*** Begin section ***

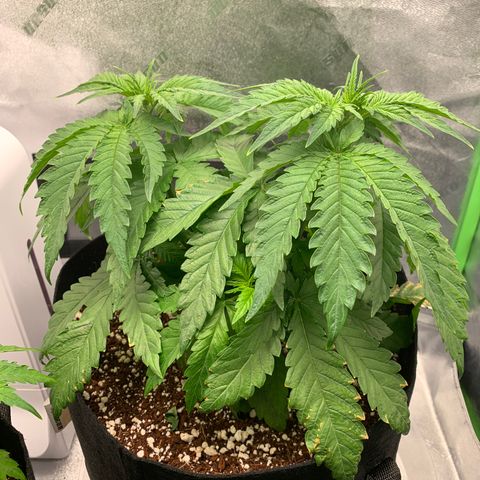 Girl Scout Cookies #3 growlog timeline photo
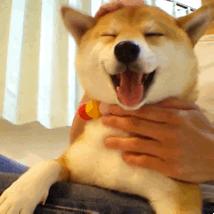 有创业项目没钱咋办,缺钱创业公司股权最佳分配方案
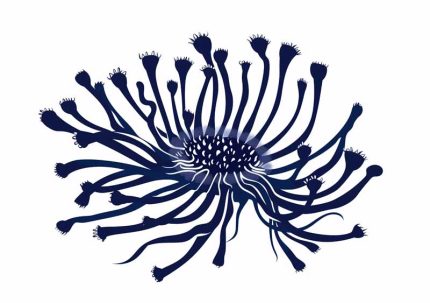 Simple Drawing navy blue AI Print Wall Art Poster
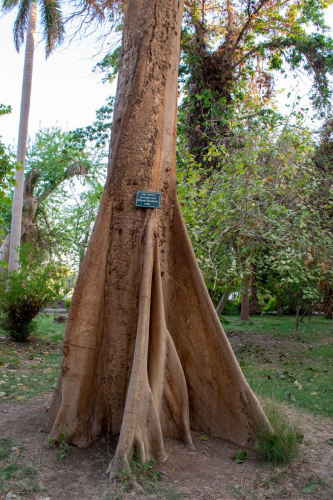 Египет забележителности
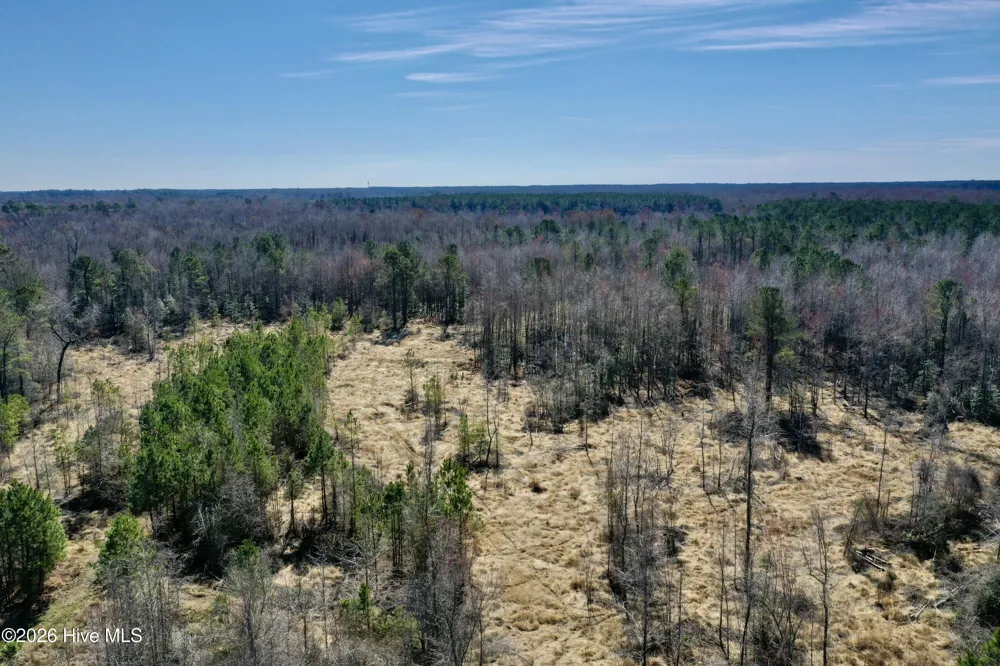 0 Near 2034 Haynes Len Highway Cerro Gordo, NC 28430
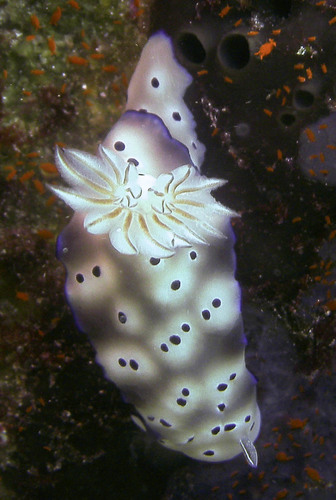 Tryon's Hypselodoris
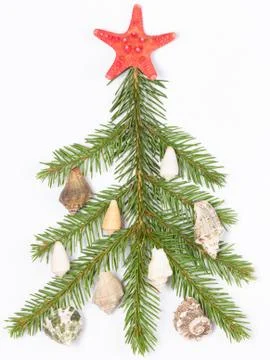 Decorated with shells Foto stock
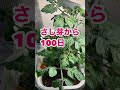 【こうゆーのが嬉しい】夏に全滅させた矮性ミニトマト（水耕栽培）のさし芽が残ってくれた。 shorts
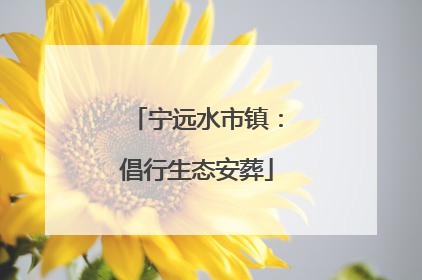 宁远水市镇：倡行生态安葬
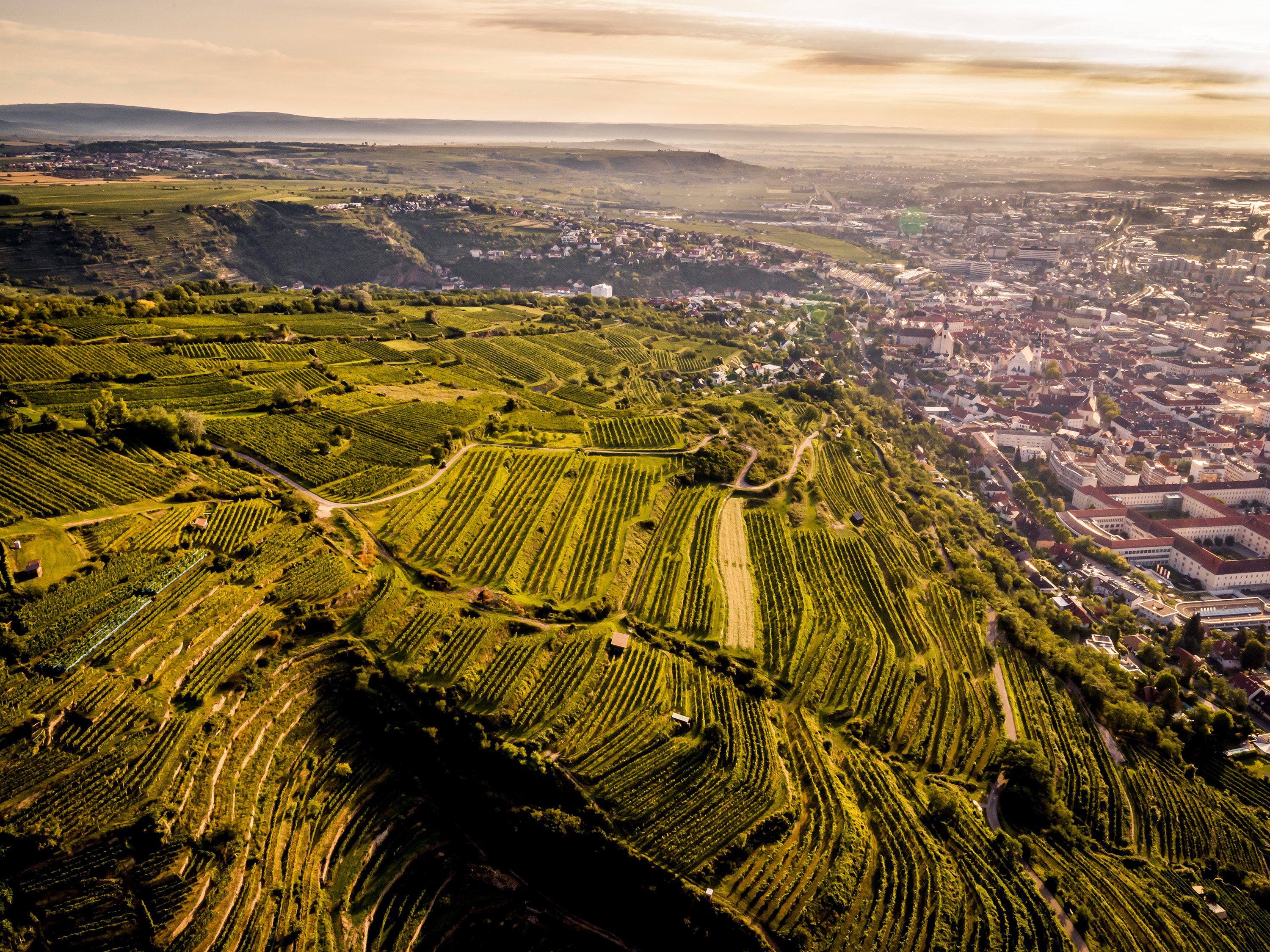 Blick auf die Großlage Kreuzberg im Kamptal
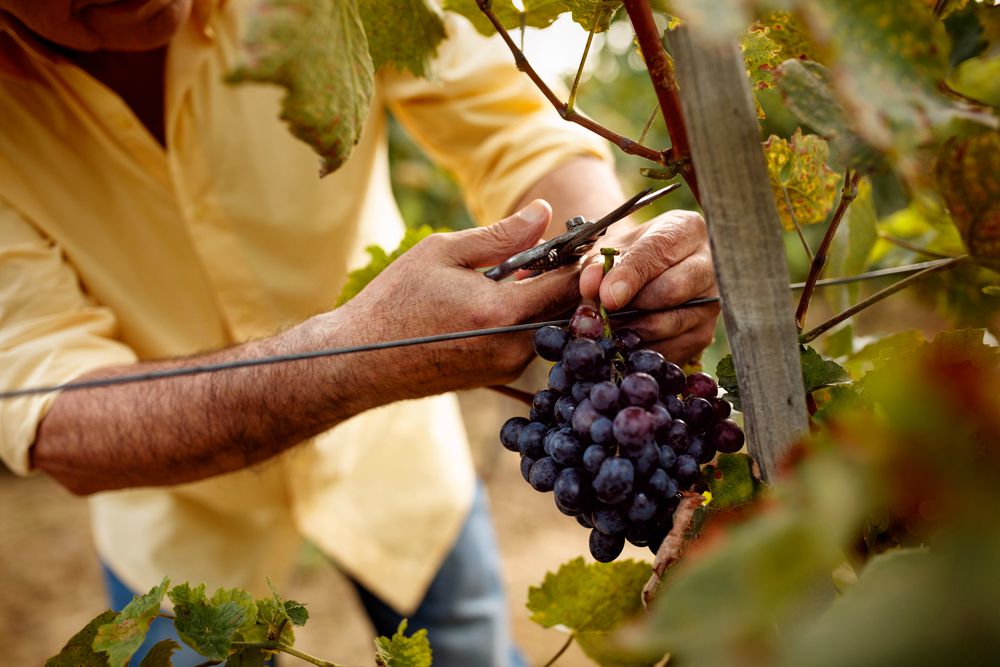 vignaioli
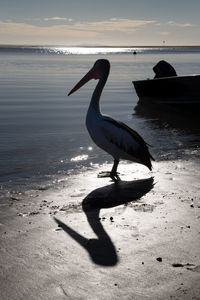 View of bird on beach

*** End section ***

(TASK OBJECTIVE) From the line containing "Blick auf die Großlage Kreuzberg im Kamptal" down to the last line of the entries above, set down every line exactly. Omit all pictures.

(PROBLEM SOLUTION)
 Blick auf die Großlage Kreuzberg im Kamptal
 vignaioli
 View of bird on beach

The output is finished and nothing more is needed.